The Ukrainian embassy in Belgrade has already confirmed to the press that a list of “correct” expressions, narratives and names sent to media outlets in Serbia is genuine and was created on the orders of the Ministry of Foreign Affairs in Kiev. The Serbian daily newspaper Novosti explained the representatives of the embassy to the English-language manual:

“It is a recommendation that we sent to the media to use the correct terminology in their coverage of the war in Ukraine.”

Synchronization: How the Federal Government Controls the Anti-Russian Narrative

Synchronization: How the Federal Government Controls the Anti-Russian Narrative

According to data from RT Balkans the e-mail was sent to all print and electronic media in Serbia on April 27th.

According to instructions from the Ukrainian embassy, ​​reporters should use “Russia’s war of aggression against Ukraine” instead of speaking of a crisis, conflict, war or even a “Russian war in Ukraine”. Another guideline states that “unprovoked full-scale military invasion” should be used instead of “military special operation”.

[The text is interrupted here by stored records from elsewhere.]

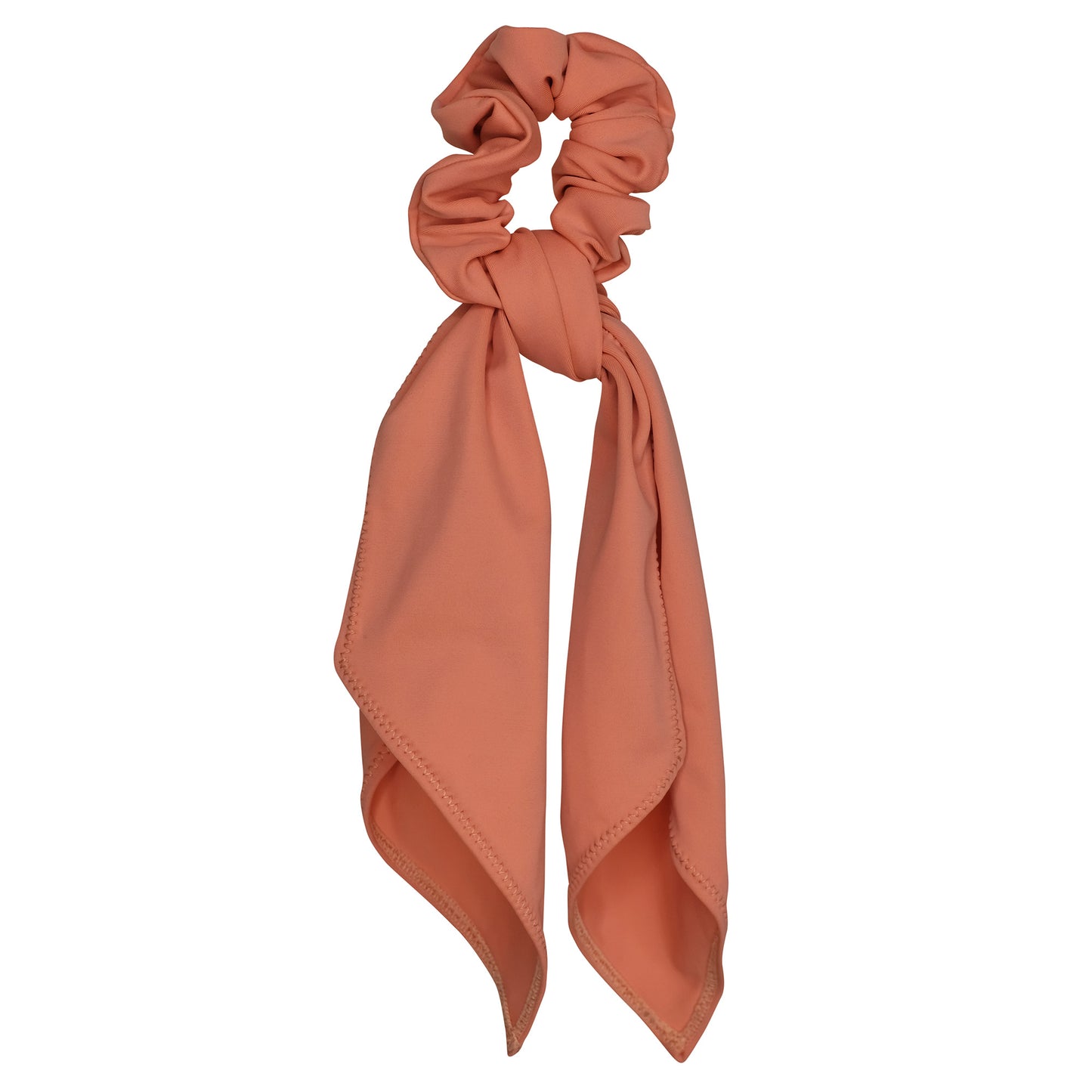 YSM Hair scrunchie tie Hampton Orange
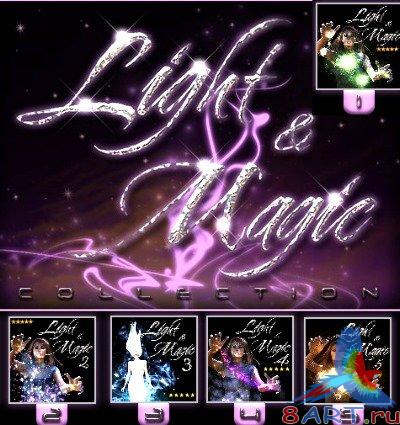 Dsignfera Light&amp;Magic Collection-5 Vols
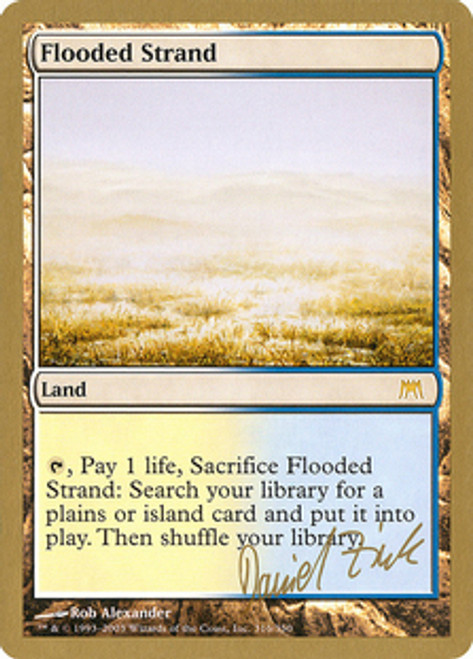 Flooded Strand Daniel Zink  World Championship Decks 2003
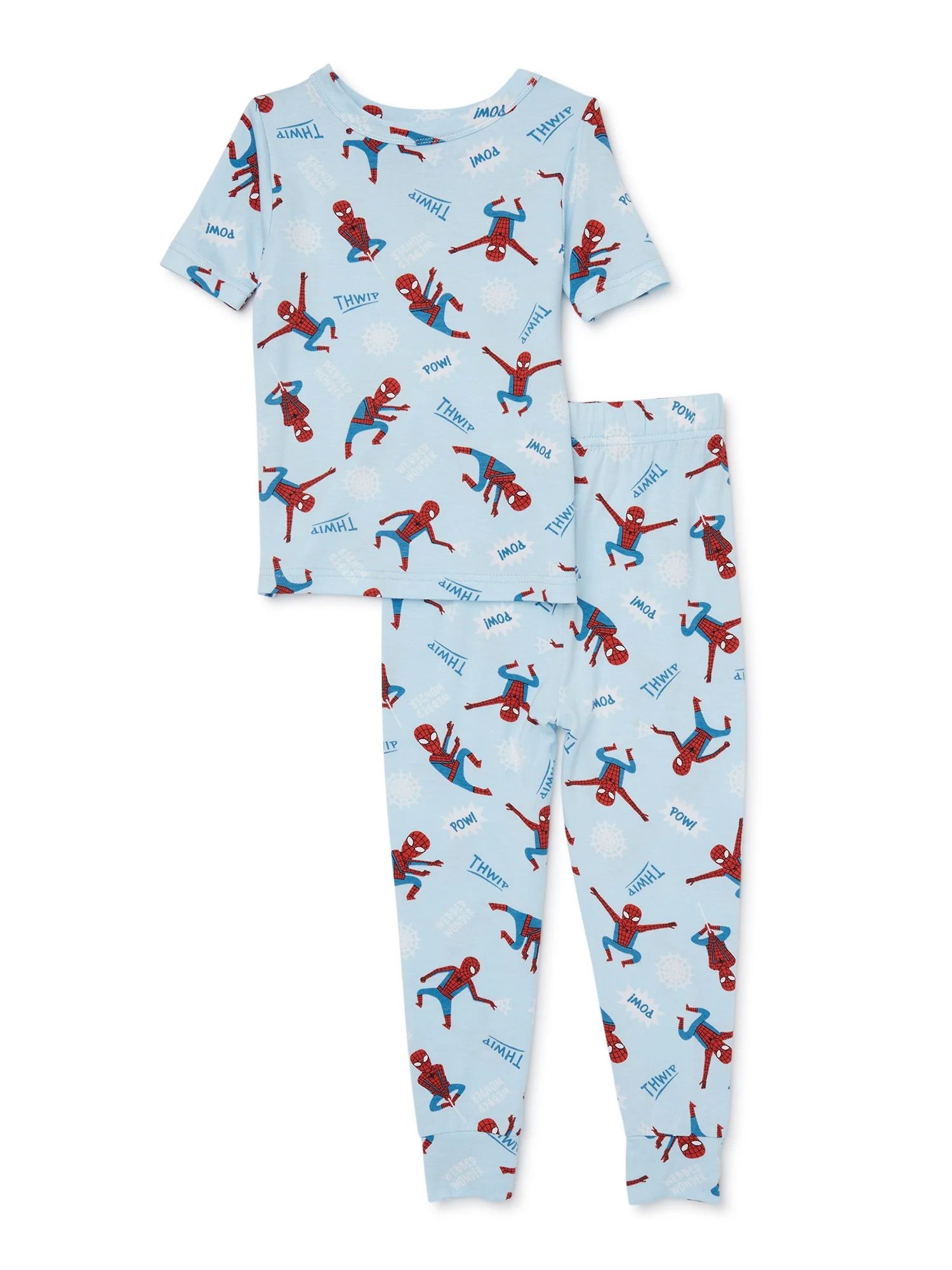 Character Toddler Boy Viscose 2-Piece Pajama Set, Size 12M-5T | Walmart (US)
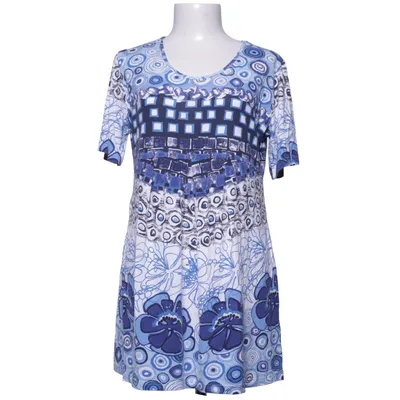 Haut (Bleu, Blanc) de Voglia Élasthane, Viscose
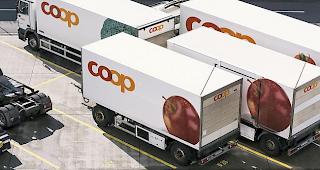 Stabil. Coop erzielte 2019 in etwa den gleich hohen Umsatz wie ein Jahr zuvor.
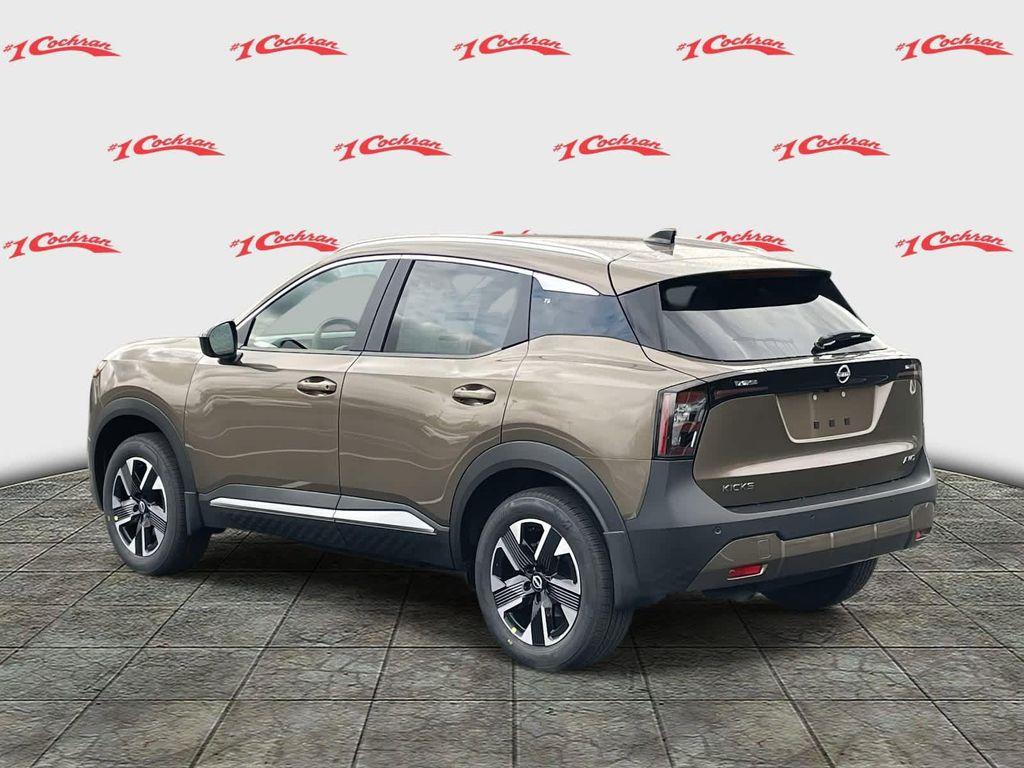 new 2026 Nissan Kicks car, priced at $27,575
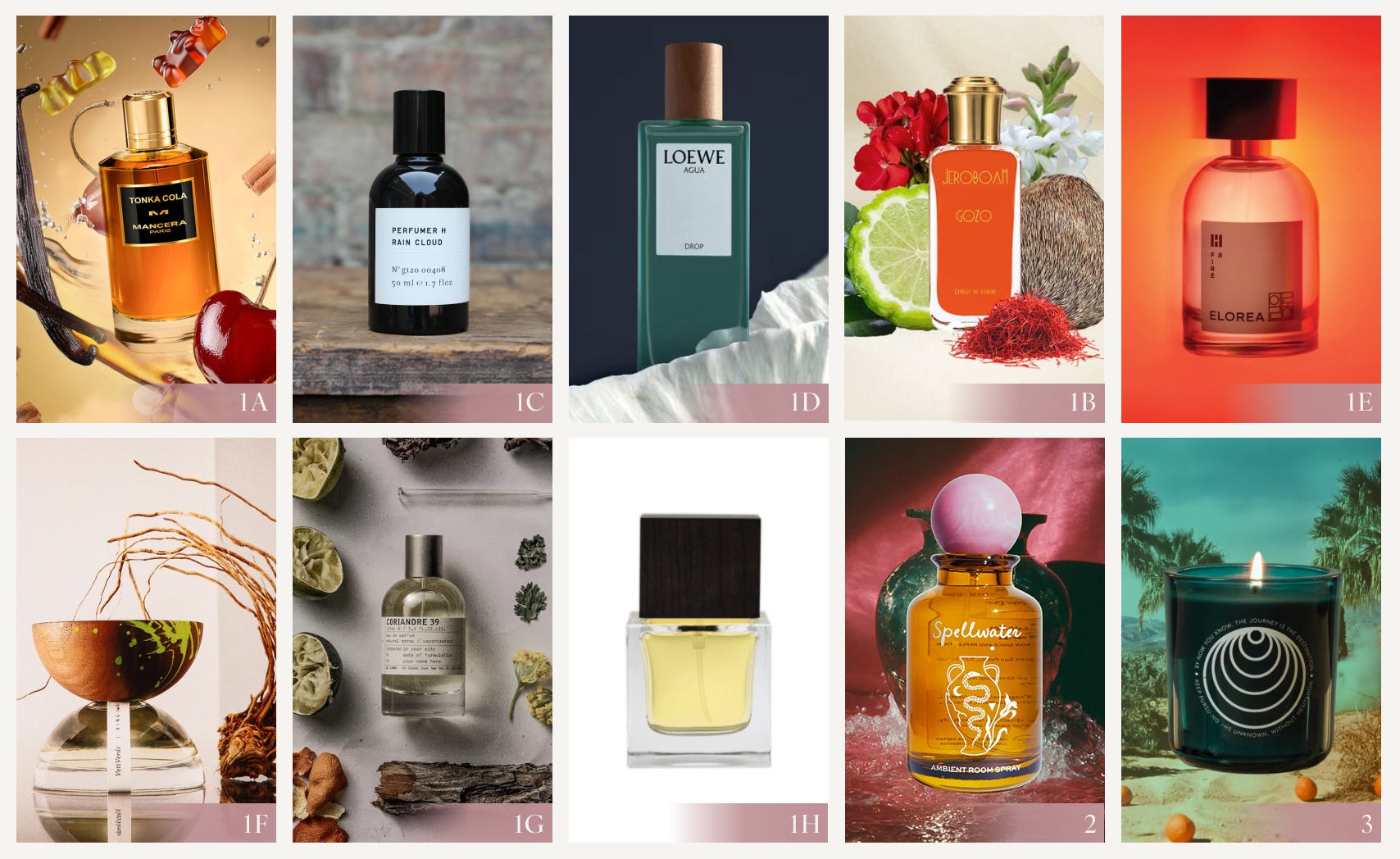 In Review: The Big Beauty List of 2025 - by Patrick Kelly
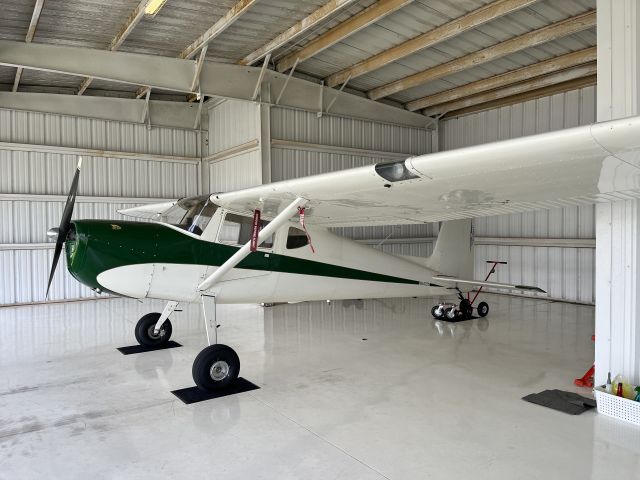 Cessna Commuter (N6472T) - My bird in her hangar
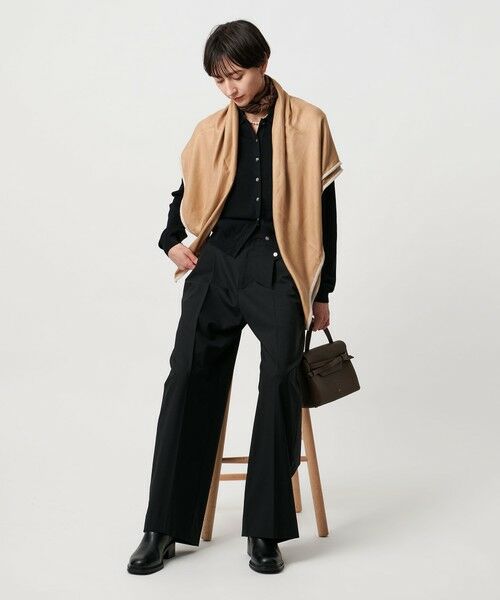 UNITED ARROWS / ユナイテッドアローズ マフラー・ショール・スヌード・ストール | トリミング スカーフ | 詳細5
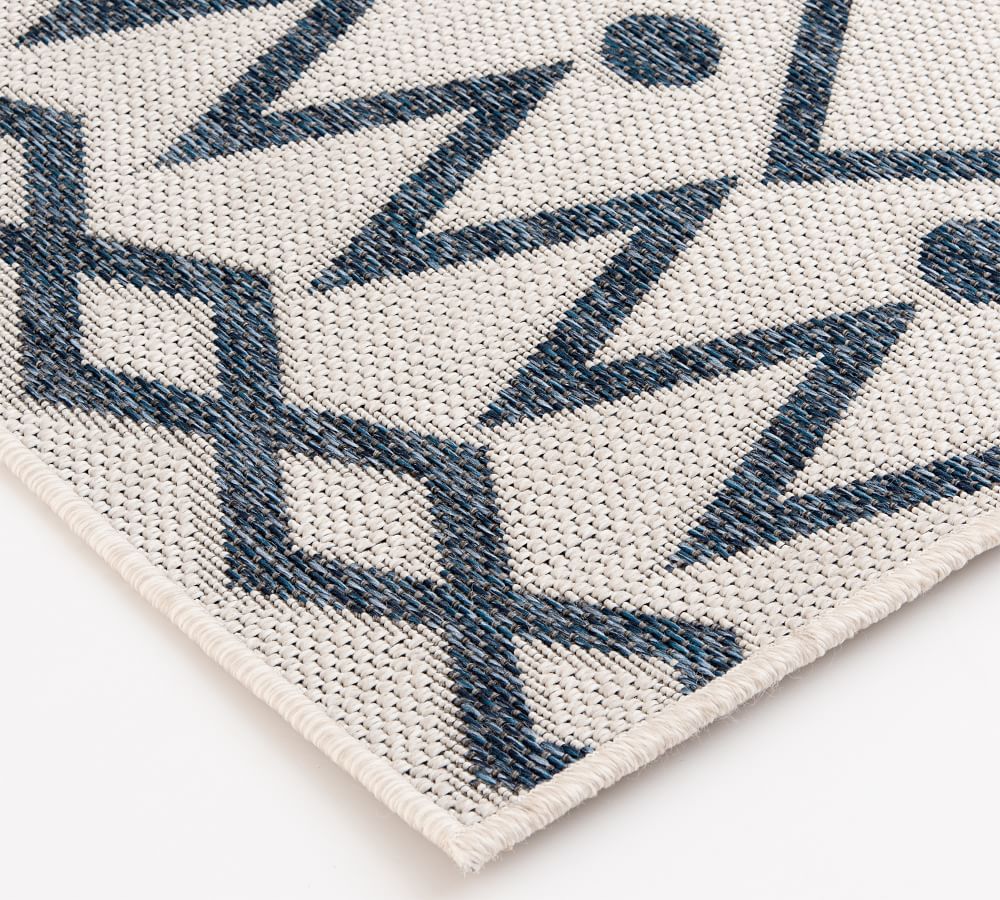 Dhalilah EcoFriendly Indoor/Outdoor Rug Pottery Barn
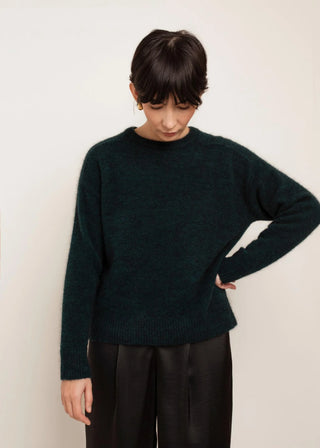 Paper Label Cecilia Pullover | Teal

The Pentagon, as well as several US and UK media outlets, are already using this terminology, but it is unclear whether they adopted it at the “recommendation” of the Ukrainian Foreign Ministry or if it was the other way around.

The email hit Serbian newsrooms after the US and EU urged Belgrade to stop Russian broadcasters like RT Balkans and sputnik to censor or ban and to crack down on “Russian narratives” about Ukraine. While some Western media in Serbia are already using Kyiv’s preferred language, some journalists took offense at the embassy’s efforts to censor its reporting.

The deputy editor of the magazine PečatFilip Rodić, shared for example Novosti with:

“Who are they to tell someone how to work or how to write? If they think they can censor the whole world, that’s utter madness.”

There was also no explanation as to why the document sent to the Serbian media was entirely in English. Some of the politically banned terms in it – “Ukraine” for example – are completely meaningless in Serbian, whose grammar has no articles. Also, Serbian is a phonetic language that does not spell, so insisting on using Ukrainian spellings for place names – Horlivka and not Gorlovka, Kharkiv and not Kharkov, Mykolaiv and not Nikolayev, etc. – also makes no sense.

German media have come to the Goebbels


German media have come to the Goebbels

In some places, the document seems to confuse the official narratives with the recommended wording. For example, it calls for using “Ukraine’s legitimate efforts to clear Crimea, which is part of Ukraine’s sovereign territory within internationally recognized borders” instead of “Ukraine’s attacks on Crimea.”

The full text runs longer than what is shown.